Today I would like you to learn how to get better results with your Squat. My recent posts on getting good glute activation and functional strength exercises detail the benefits of the squatting exercise.
- Works multiple muscle groups, including lower body, glutes, and core
- Helps with Good Posture
- Preventative exercise for reducing injuries
- Contributes to overall fitness
- Your Glutes will Grow!
Yes, I realize there are a million articles on how to perform a squat correctly. And I hope that you have read some of these. More so I hope that you are using these tips when you go to the gym. It’s still great to continuously review good form.
If you think you are performing the squat right but not getting results, I have some tips for you. While it seems like a fairly easy thing to do, squat, and the explanations are fairly straightforward….I have seen numbers of quite fit people perform half assed squats. It frustrates me to see this. Not because I want to tell people they’re doing it all wrong, but because I want to see people get the most benefits out of their efforts.
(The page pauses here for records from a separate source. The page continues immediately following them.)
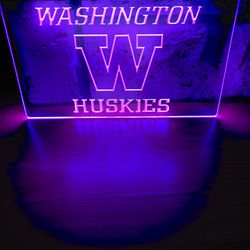 WASHINGTON HUSKIES LED NEON PURPLE LIGHT SIGN 8x12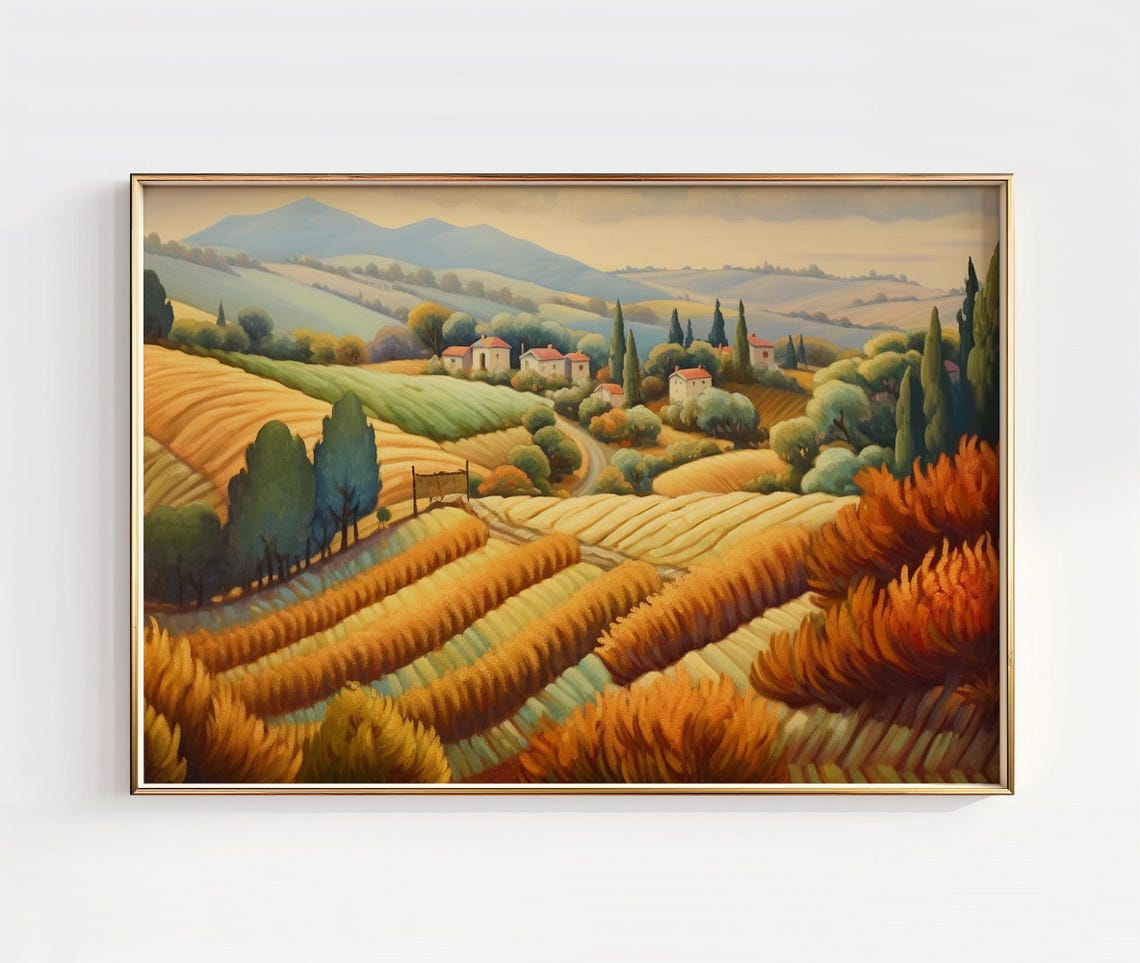 Tuscan Autumn Landscape Art Print Countryside Village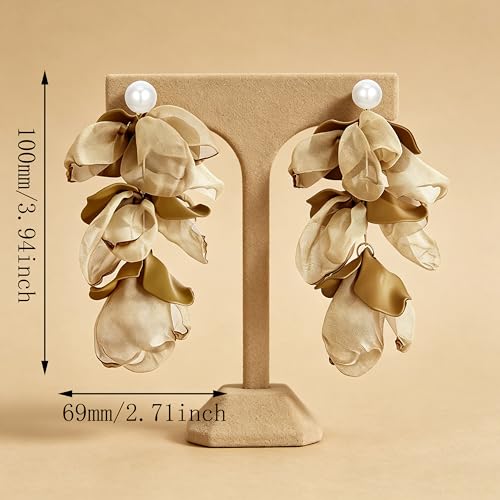 Handmade Bohemian Lightweight Fabric Flower Dangle Drop Earrings Chic Pearl Large Tassel Petal Stud Earrings For Women - color: khaki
The squat is most perfected by and infant/toddler. This was the easiest way for me to think about what a squat should look like. Now lucky for me, when I was learning to squat, I had an infant child to show me a functional squat.
How to Squat Correctly and Get Better Results:
Stretch, stretch your arms, legs, core. Stretch your hips and ankles. You can’t get a great squat with tight muscles.
Stand with your feet hip width apart or slightly wider than hip width. Tip: If you are looking for higher glute activation take a wider stance.
Turn your toes slightly outward. Slightly bend your knees to make sure that your knees are going to point directly over your toes.
Take a deep breath and squeeze/flex muscles in your core and legs. Do not underestimate the power of breathing correctly through a squat.
Find a focal point, usually somewhere around the top of your head. Keep your eyes fixed on this focal point throughout the whole movement. Do not look down, do not look at the floor while you are squatting.
Squat down, as if you are going to sit down.
Keep your back and neck aligned, Do not bend your hips or back.
Squat until your legs are at least 90 degree angle or lower. The lower you can go, the more glute activation you will get. Some people can go very low (ass to grass) and some people just do not have enough hip mobility to go lower. If you can’t, you can’t, don’t hurt yourself.
Push through the heels, while using your quads and glutes and core to a standing position. Make sure that you are engaging your glutes and core.
Keep your knees steady, do not let them bend inward. If you are having trouble with this, practice with a cue or use a resistance band to train those legs.
Squatting effectively can take practice for some people because of limited mobility with hips, knees, or ankles. For most people, bodyweight squats are fairly easy to conquer. However, once you start adding weight, it’s very important to continuously to monitor your form. Watching videos is a very helpful tool. Have someone else watch you or take a video of yourself.
Perform about 12-15 reps per each set for a bodyweight squat. Just don’t go so fast that you lose your form.
If you do have limited mobility, there are accessory exercises and stretches that can help.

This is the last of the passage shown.